# Convert DanPASS TextGrids to a useful format

Note: I assume there's an easier way to extract text from TextGrid files? Do let me know.

In [None]:
import textgrid as tg
from os.path import join, abspath
import re
import glob
import pandas as pd
import ntpath

In [None]:
data_path = ""
save_path = join(data_path, abspath( join(
    data_path, "../../preprocessed/danpass/")))

In [None]:
test_grid_path = join(data_path, "Corpus_2014_dialogues/d_001_1_f_non-v.TextGrid")

In [None]:
dialogue_paths = glob.glob(join(data_path, "Corpus_2014_dialogues/*.TextGrid"))
monologue_paths = glob.glob(join(data_path, "Corpus_2014_monologues/*.TextGrid"))

In [None]:
def path_leaf(path):
    """
    Extracts the filename from a path string

    """
    head, tail = ntpath.split(path)
    return tail

In [None]:
def extract_text_from_textgrid(path, conv_type = "dialogue"):
    tgrid = tg.TextGrid()
    tgrid.read(f = path)
    orto = tgrid.getList("ortografi")
    
    if (len(orto) > 1):
        print("Length or ortografi was larger than one.
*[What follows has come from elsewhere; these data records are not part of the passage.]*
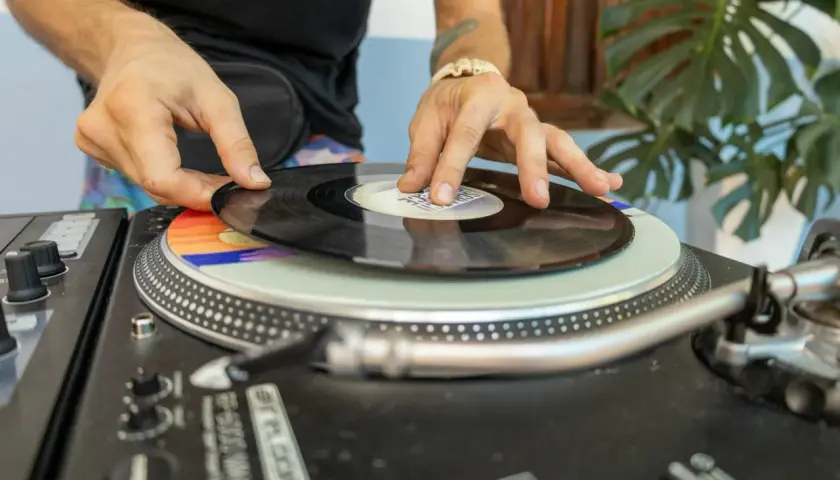 DJ kładzie winylową płytę na gramofonie. Kolorowy **cover** pod nią dodaje klimatu.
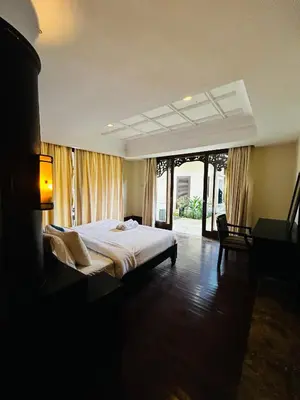 a bedroom with a large bed in a room at Jimbaran Cozy Stay in Jimbaran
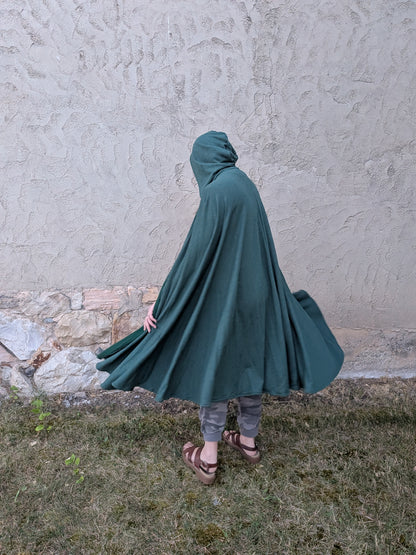 A person wearing a dark green hooded cloak or poncho, standing outdoors against a textured stucco wall and grassy ground.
Extracting first element and ignoring rest.")
        
    orto = orto[0]
    
    clean_word = lambda w: re.sub('[,+=]','', w)
    filter_flatten = lambda l: [[element, item] for element, sublist in enumerate(l) for item in sublist if item != ""]
    words = filter_flatten([clean_word(o.mark).split("_") for o in orto])
    
    times = [[i, float(o.minTime),float(o.maxTime)] for i,o in enumerate(orto)]
    #print(times)
    
    speech_turn_df = pd.DataFrame.from_records(words, columns=['Interval', 'Token'])
    speech_turn_df["File"] = path_leaf(path)
    speech_turn_df["Type"] = conv_type
    
    times_df = pd.DataFrame.from_records(times, columns=['Interval', 'Start Time', 'End Time'])
    
    result_df = pd.merge(speech_turn_df, times_df, on = 'Interval', how = 'left')

    return result_df


In [None]:
extract_text_from_textgrid(test_grid_path).head(20)

In [None]:
all_dialogues = pd.concat([extract_text_from_textgrid(p, "dialogue") for p in dialogue_paths])

In [None]:
all_monologues = pd.concat([extract_text_from_textgrid(p, "monologue") for p in monologue_paths])

In [None]:
all_dialogues.head(5)

In [None]:
all_monologues

In [None]:
all_dialogues.to_csv(join(save_path, "dialogue_tokens.csv"))
all_monologues.to_csv(join(save_path, "monologue_tokens.csv"))